*** Opening of Data for this task ***

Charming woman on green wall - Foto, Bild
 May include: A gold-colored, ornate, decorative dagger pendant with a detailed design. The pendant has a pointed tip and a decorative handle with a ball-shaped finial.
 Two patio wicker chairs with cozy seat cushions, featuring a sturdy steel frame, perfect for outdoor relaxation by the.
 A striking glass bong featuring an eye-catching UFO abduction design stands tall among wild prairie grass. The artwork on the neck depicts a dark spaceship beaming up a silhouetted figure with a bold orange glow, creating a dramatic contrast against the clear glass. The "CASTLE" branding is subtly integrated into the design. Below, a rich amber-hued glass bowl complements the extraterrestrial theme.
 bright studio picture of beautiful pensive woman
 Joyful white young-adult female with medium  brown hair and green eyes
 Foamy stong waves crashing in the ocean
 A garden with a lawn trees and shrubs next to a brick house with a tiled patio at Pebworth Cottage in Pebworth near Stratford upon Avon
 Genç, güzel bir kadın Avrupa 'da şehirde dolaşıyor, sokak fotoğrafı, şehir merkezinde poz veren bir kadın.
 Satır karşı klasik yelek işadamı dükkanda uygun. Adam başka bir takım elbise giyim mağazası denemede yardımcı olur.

*** Close of Data for this task ***

**Brief**
Each line of the listing above that includes the word "green" should be copied.

**Problem solution**
Charming woman on green wall - Foto, Bild
 Joyful white young-adult female with medium  brown hair and green eyes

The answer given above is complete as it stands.